If $a,b,c > 0$ prove $\frac{(b+c-a)^2}{a}+\frac{(a+c-b)^2}{b}+\frac{(a+b-c)^2}{c}\ge\frac{b^2+c^2}{b+c}+\frac{a^2+c^2}{a+c}+\frac{a^2+b^2}{a+b}$

Question

$a,b,c > 0$ $$\frac{(b+c-a)^2}{a}+\frac{(a+c-b)^2}{b}+\frac{(a+b-c)^2}{c}\ge\frac{b^2+c^2}{b+c}+\frac{a^2+c^2}{a+c}+\frac{a^2+b^2}{a+b}$$

I have used Tittu here with the second and the third fraction and came with this result :

$$\frac{(a+c-b)^2}{b}+\frac{(a+b-c)^2}{c}\ge\frac{(a+c-b+a+b-c)^2}{b+c}=\frac{4a^2}{b+c}$$

If you do this (taking fractions two by two) then you have to divide them by 2 in order to get the LHS and thus : $$LHS \ge \frac{2a^2}{b+c}+\frac{2b^2}{a+c}+\frac{2c^2}{a+b}$$

I believe I am quite near solving this but I can't come up with something. If you can, please help and thank you.

Answer 1

Let's try to complete from OP's approach. Notice that in order to apply Titu's lemma, we must check that the terms are positive, but they need not be in this setup. We'd use a variant of Titu's lemma, which is an immediate corollary of Titu's lemma.

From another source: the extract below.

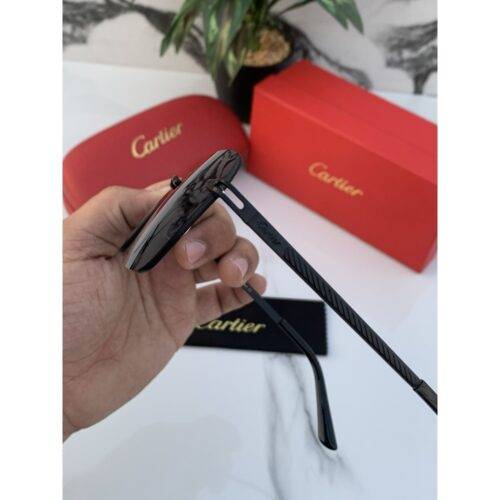 Cartier Sunglasses for Men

For real (not necessarily positive) numbers $a_i$ and positive reals $b_i$, we have
$$\sum \frac{ a_i^2 } { b_i } \geq \frac { (\sum a_i)^2 } { b_i }. $$
Proof: Titu's Lemma gives us $\sum \frac{ a_i^2 } { b_i } \geq \frac { (\sum |a_i|)^2 } { \sum b_i } $, and it's obvious that $\frac { (\sum |a_i|)^2 } { \sum b_i } \geq \frac{ (\sum a_i)^2 } { \sum b_i}$.

Applying this, we may correctly conclude as OP did that

$$LHS \geq \sum \frac{ 2a^2 } { b+c}.$$

Then, $ \{a^2, b^2, c^2 \}$ is similarly ordered with $ \{a, b, c \}$, oppositely ordered with $ \{ (a+b+c) -a, (a+b+c) - b, (a+b+c) - c \} $, and hence similarly ordered with $ \{ \frac{1}{b+c}, \frac{1}{c+a}, \frac{1}{a+b} \}$. Hence by the rearrangement inequality, the product is maximized when we take $(a^2, b^2, c^2 ) \cdot ( \frac{1}{b+c}, \frac{1}{c+a}, \frac{1}{a+b})$ vs any other arrangement, thus we get that $ \sum \frac{a^2}{b+c} \geq \sum \frac{b^2}{b+c}$ and also $ \sum \frac{a^2}{b+c} \geq \sum \frac{b^2}{b+c}$.

Hence $ LHS \geq \sum \frac{ 2a^2}{b+c} \geq \sum \frac{ b^2+c^2}{b+c} $.

Equality holds iff $a=b=c$.

Answer 2

We need to prove that: $$\sum_{cyc}\left(\frac{(b+c-a)^2}{a}-a\right)\geq\sum_{cyc}\left(\frac{a^2+b^2}{a+b}-\frac{a+b}{2}\right)$$ or $$\sum_{cyc}\frac{(b+c-2a)(b+c)}{a}\geq\sum_{cyc}\frac{(a-b)^2}{2(a+b)}$$ or $$\sum_{cyc}\frac{(c-a-(a-b))(b+c)}{a}\geq\sum_{cyc}\frac{(a-b)^2}{2(a+b)}$$ or $$\sum_{cyc}(a-b)\left(\frac{a+c}{b}-\frac{b+c}{a}\right)\geq\sum_{cyc}\frac{(a-b)^2}{2(a+b)}$$ or $$\sum_{cyc}\frac{(a-b)^2(a+b+c)}{ab}\geq\sum_{cyc}\frac{(a-b)^2}{2(a+b)}$$ or $$\sum_{cyc}(a-b)^2\left(\frac{a+b+c}{ab}-\frac{1}{2(a+b)}\right)\geq0,$$ which is obvious.